Written by Craig Robertson, “Buckley’s Hope” is about William Buckley, a convict from Van Dieman’s Land who escaped to the mainland, and managed to assimilate into an Aboriginal tribe, in the main because they believed he was a returned ancestor. Robertson has tried to weave history, fictive imagination and dreamtime stories into the one narrative, and frankly it’s trite and clumsy.
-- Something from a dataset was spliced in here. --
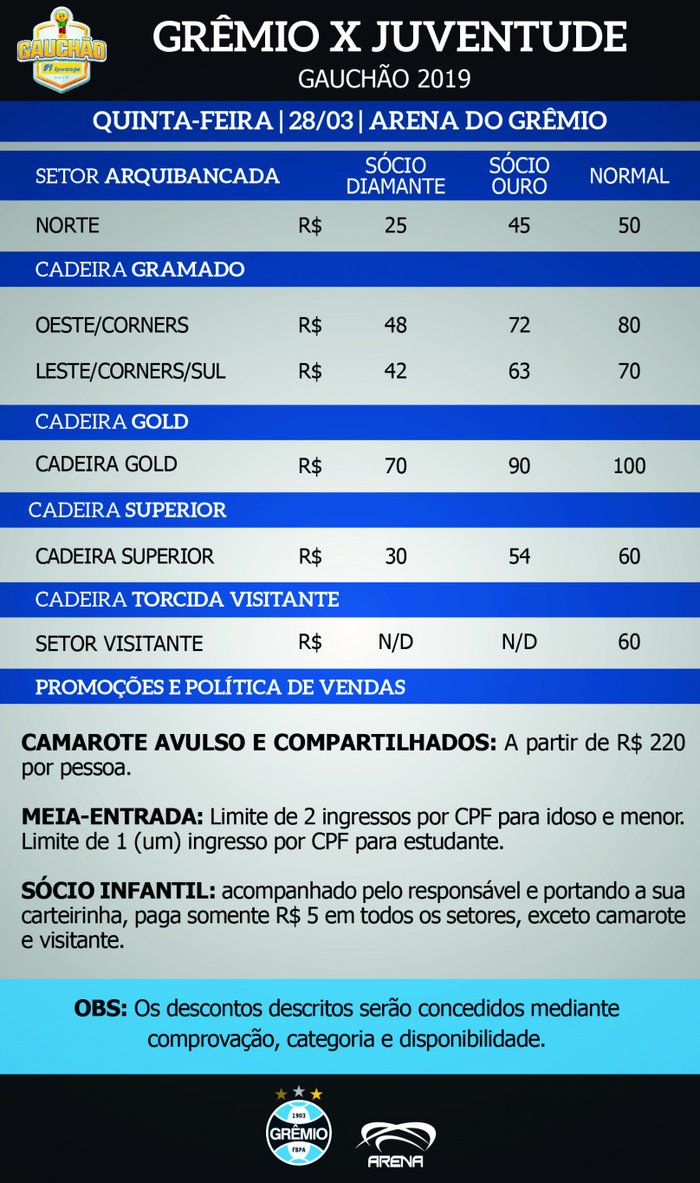 Reprodução / Grêmio/Arena Reprodução / Grêmio/Arena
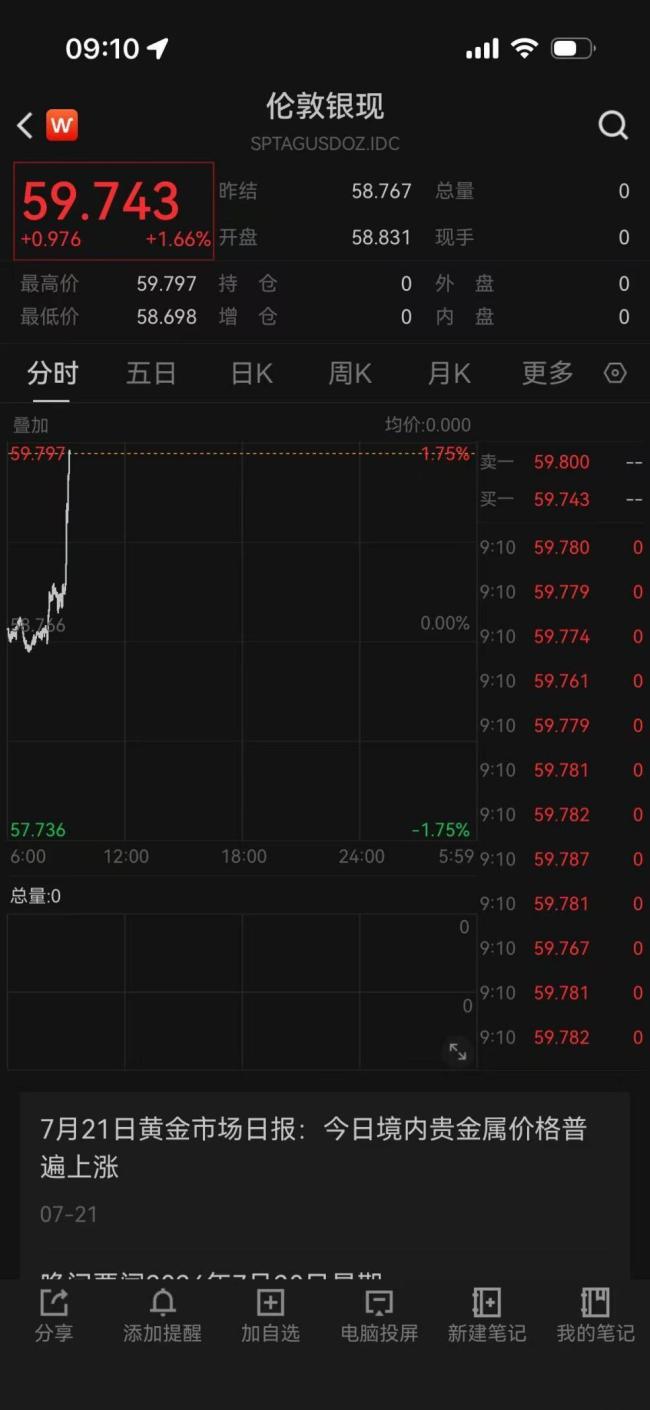 国际金银又直线拉升 贵金属连续四日上涨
On the other hand, the details of Buckley’s adventure are fascinating. He married (twice) indigenous women, dressed in their clothes, hunted with them and shared their life for over 30 years. When he returned to European society, he could not speak English for a considerable period, so used was he to the dialect of the tribe he was with (the Wothoworung – Robertson’s spelling). This tribe lived in the area west of Melbourne. He rejoined the Europeans when Batman and Fawkner were vying over Port Phillip – they both wished to develop settlements there. He made considerable efforts to conciliate between the two cultures, but found that both parties ended up distrusting him. Eventually he migrated back to Van Dieman’s Land.
His story is fascinating and important as an incident of “reverse assimilation”. He seemed to find the companionship and belonging that he never found in convict society, but it’s difficult to know whether he would have been welcomed if the tribe knew his true identity.